*WORK REQUIRED:* Retype the records below from their first line through the line holding "北京债务人破产后债务怎么处理？有那些应对策略？", including both ends and no pictures.

*Short descriptive text snippets:*
________
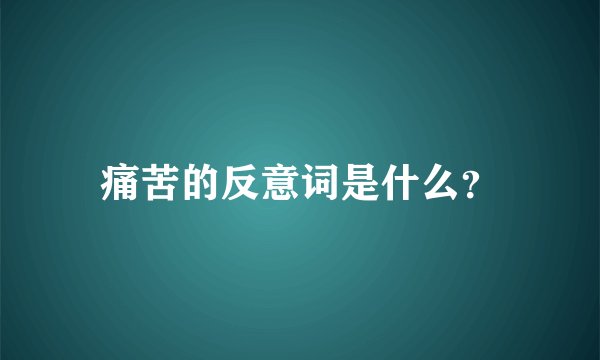 痛苦的反意词是什么？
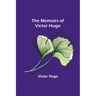 The Memoirs of Victor Hugo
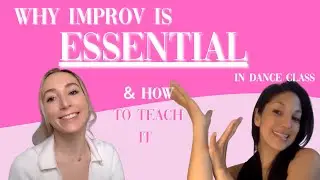 WHY IMPROV IS IMPORTANT TO TEACH IN YOUR YOUNG DANCE CLASSES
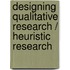 Designing Qualitative Research / Heuristic Research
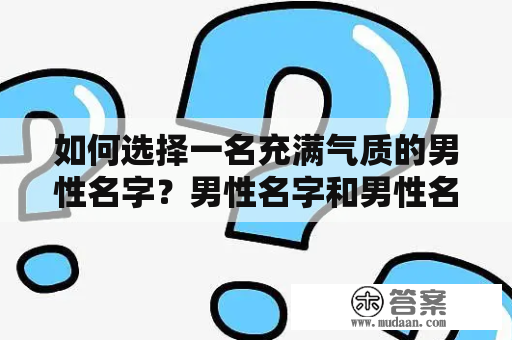 如何选择一名充满气质的男性名字？男性名字和男性名字典雅高贵的选择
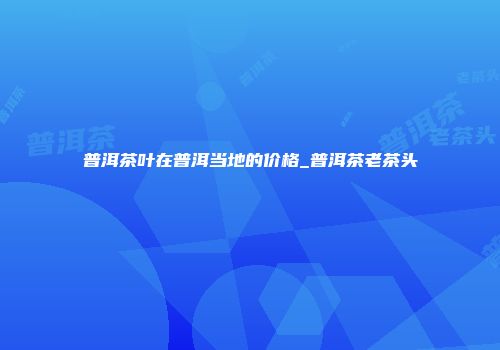 普洱茶叶在普洱当地的价格_普洱茶老茶头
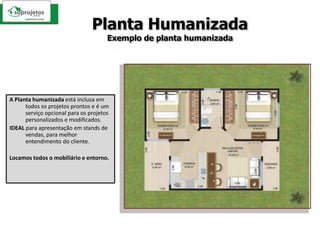 Planta HumanizadaExemplo de planta humanizadaA Planta humanizada está inclusa em todos os projetos prontos e é um serviço opcional para os projetos personalizados e modificados.IDEAL para apresentação em stands de vendas, para melhor entendimento do cliente.Locamos todos o mobiliário e entorno.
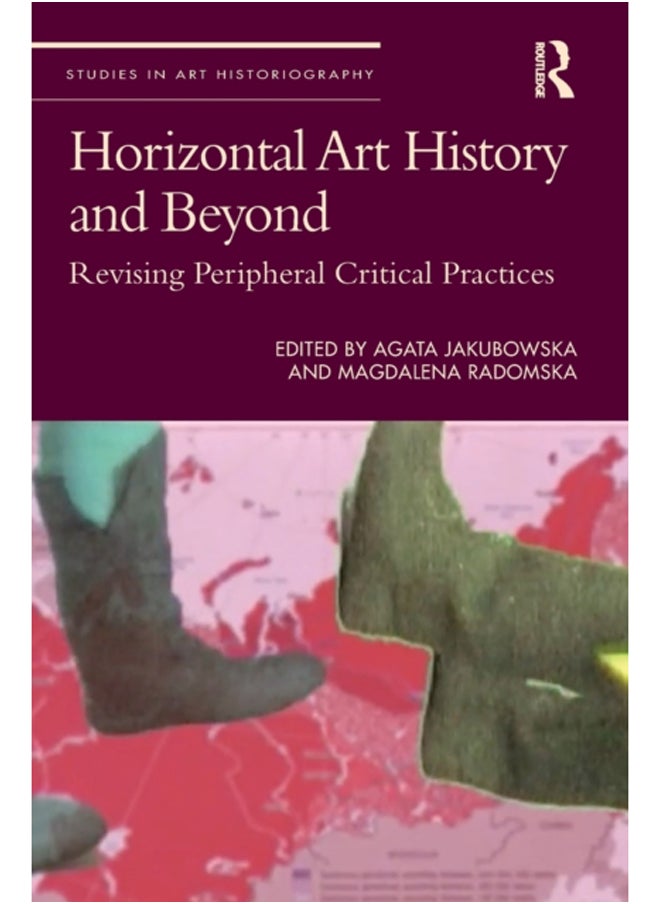 null - Horizontal Art History and Beyond : Revising Peripheral Critical Practices - Image 1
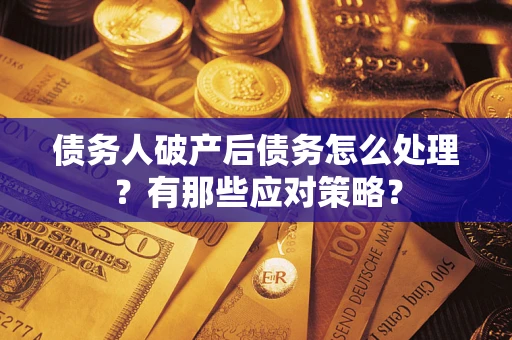 北京债务人破产后债务怎么处理？有那些应对策略？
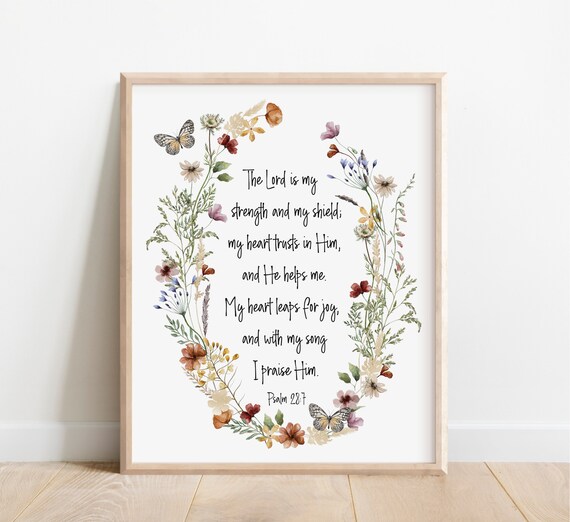 Psalm 287 The Lord Is My Strength And Shield Bible Verse Wall Art Christian Gift For Women Scripture Print Watercolor Wildflowers Girl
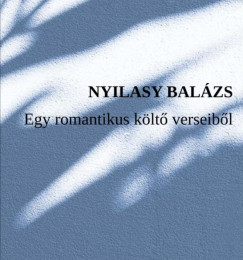 Nyilasy Balzs - Egy romantikus klt verseibl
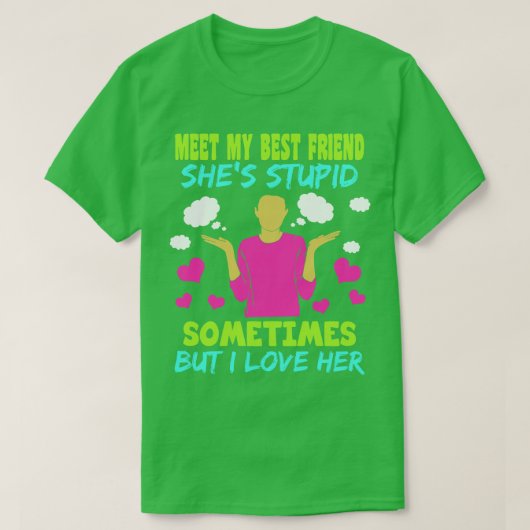 T-shirt Meilleure Amie Shops Stupide (Design devant)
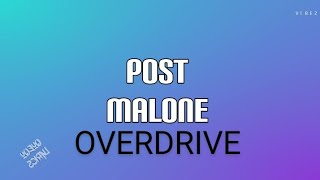 Post Malone - Overdrive (lyrics video)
________
*YOUR RESPONSE:*
 痛苦的反意词是什么？
 The Memoirs of Victor Hugo
 WHY IMPROV IS IMPORTANT TO TEACH IN YOUR YOUNG DANCE CLASSES
 Designing Qualitative Research / Heuristic Research
 如何选择一名充满气质的男性名字？男性名字和男性名字典雅高贵的选择
 普洱茶叶在普洱当地的价格_普洱茶老茶头
 Planta HumanizadaExemplo de planta humanizadaA Planta humanizada está inclusa em todos os projetos prontos e é um serviço opcional para os projetos personalizados e modificados.IDEAL para apresentação em stands de vendas, para melhor entendimento do cliente.Locamos todos o mobiliário e entorno.
 null - Horizontal Art History and Beyond : Revising Peripheral Critical Practices - Image 1
 北京债务人破产后债务怎么处理？有那些应对策略？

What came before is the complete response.